When you don’t have a plan, do you have a project?


Or maybe you have what many people call the ‘happy plan’

It has been a long-held view among most of the PM community that if you have a project, it is a good thing to have a plan, and most experienced project managers would agree with that.

However, when you look at the evidence around a decent sample of real projects, to answer the question as to whether a good plan exists, the results might surprise a lot of people.

So, first of all, let’s give some examples of what the opposite of a good plan is.

We use a term called the ‘happy plan’.  This is something that is usually developed more to fulfil a requirement (perhaps of a customer) rather than represent the output of a thorough planning process.  For example, if the target of the customer is to deliver by Xmas, lo and behold it shows the project finishing nicely just before Xmas.

Often, there will be little ownership of the plan, by those who are required to deliver its contents or commitment by the same people to the targets that are stated within the plan.  They may not even have been consulted when it was put together.  So, when you have or see a happy plan, in our words, you don’t really have a plan at all. All you have is a piece of paper with very limited value.

So what should a plan really provide?

So many happy plans contain a statement of, if nothing goes wrong, and every tiny detail (in the plan) works as expected, this is assumed to be the totality of what we will have to do, and all experienced project people know that projects are just never like this. There is another school of thought, which goes along the lines of if you have a Gantt chart, you have a plan. Don’t get me wrong, Gantt charts can be useful, but on their own, they rarely represent a plan.
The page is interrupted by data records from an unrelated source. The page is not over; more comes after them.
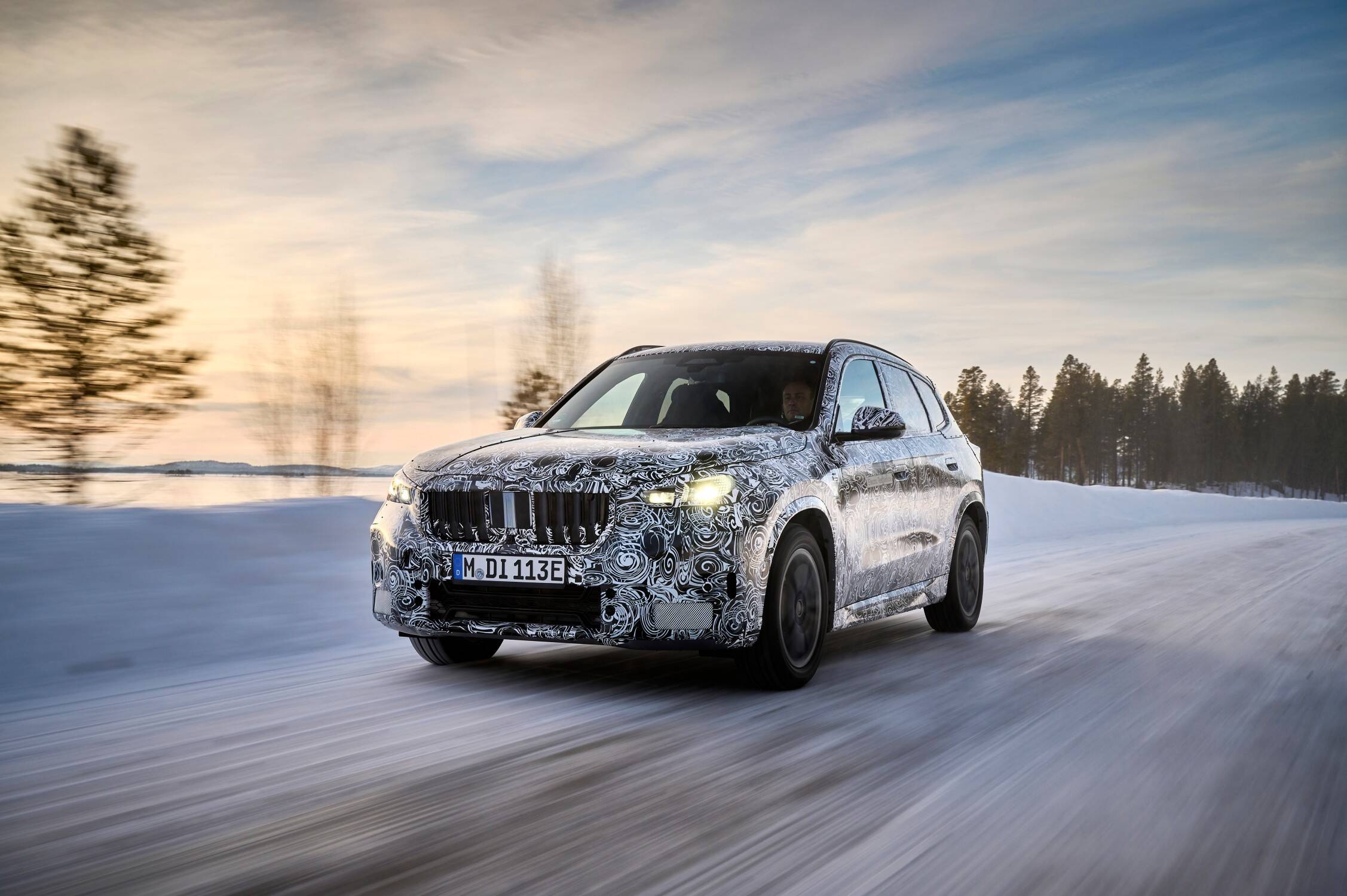 BMW iX1 em testes na Suécia. Foto: Divulgação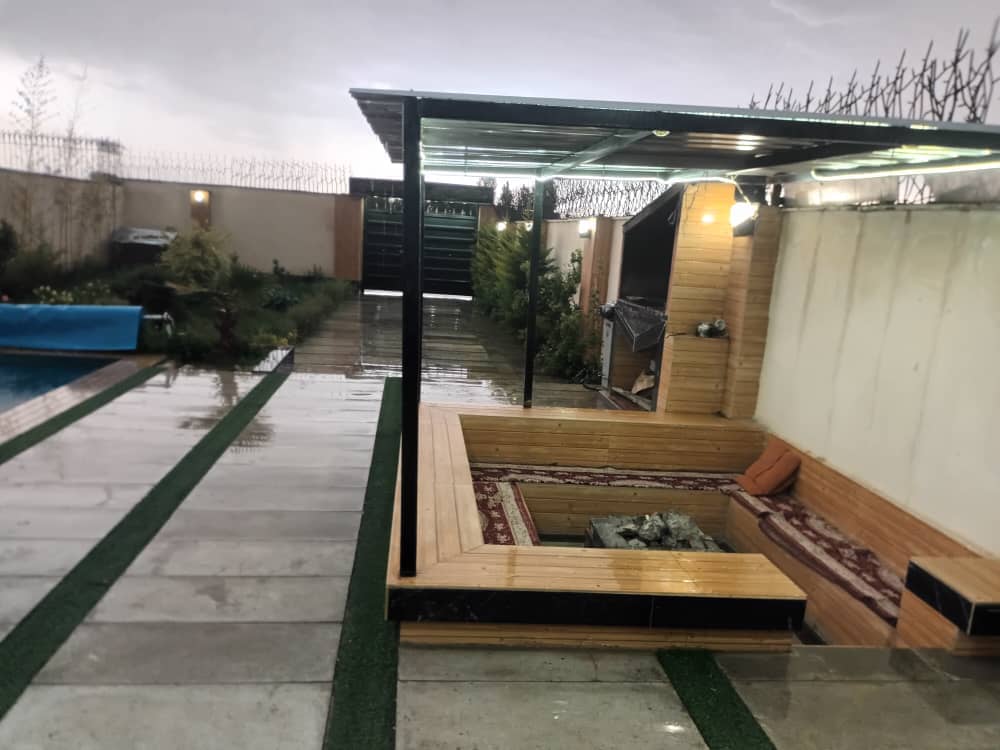 اجاره ویلا استخر چهارفصل در چهارباغ - اِستلا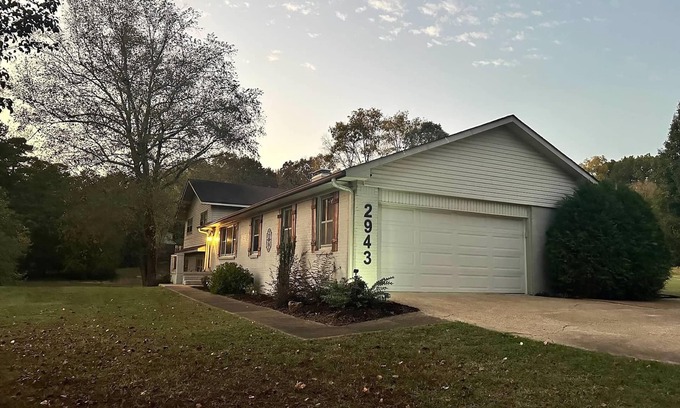 Jackson House | Spacious 4BR & 3BA, Sleeps 12 - 2900 Sq Ft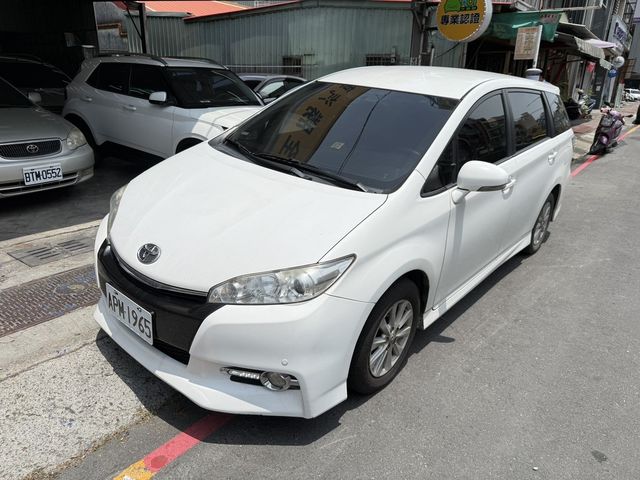 TOYOTA豐田 WISH  第2張相片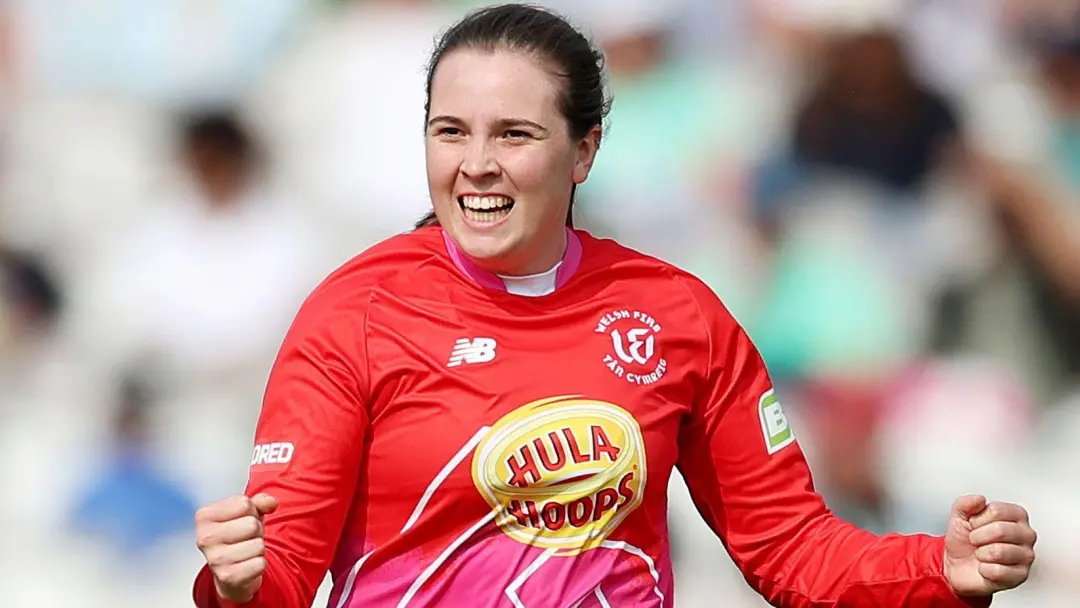 Georgia Davis assinou um contrato de três anos com o Glamorgan, saindo do Warwickshire. Isso é um movimento forte do cl…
A plan should be the output of a very well-thought-out project.  That plan, and most importantly what it contains, should address what we know about the project, and how we are going to address the major questions that we have in relation to the project.

So what does a good plan look like?

A good plan, is not one that tries to convey complete certainly in all outcomes of the project, as this can rarely be guaranteed by anyone.

Despite however much customers, business leaders and others want to see or hear this, telling them so at the beginning is only going to put off conflict until a later stage, and it may also waste a valuable opportunity to get their attention and input at the stage you really need it, up-front in the earliest stages in your projects. For example, a good plan should

  • be open and honest, about the most significant challenges that the project will face.  It will also show how you plan to deal with those and at what stage of the project you are going to do so.
  • Include contingencies, for example, finance, that the project team can draw upon, should some of the major uncertainties become real issues on the project, in other words, if major project risks actually happen.
  • Be shared with and developed with the full involvement of the project team, and any other key partners or suppliers who will have a major contribution to make towards the project.
  • Be understood by those same people, and enjoy a level of commitment towards its targets by those who are responsible for meeting them.

The above are just examples of what represents a good plan; there can be many other indicators of ‘good’ or ‘happy’. One thing for sure is, if all we have looks and feels more like a happy plan, or even just a Gantt chart, I’m really not sure we have a project that I would expect good results from, or at least good results within a reasonably predictable time frame.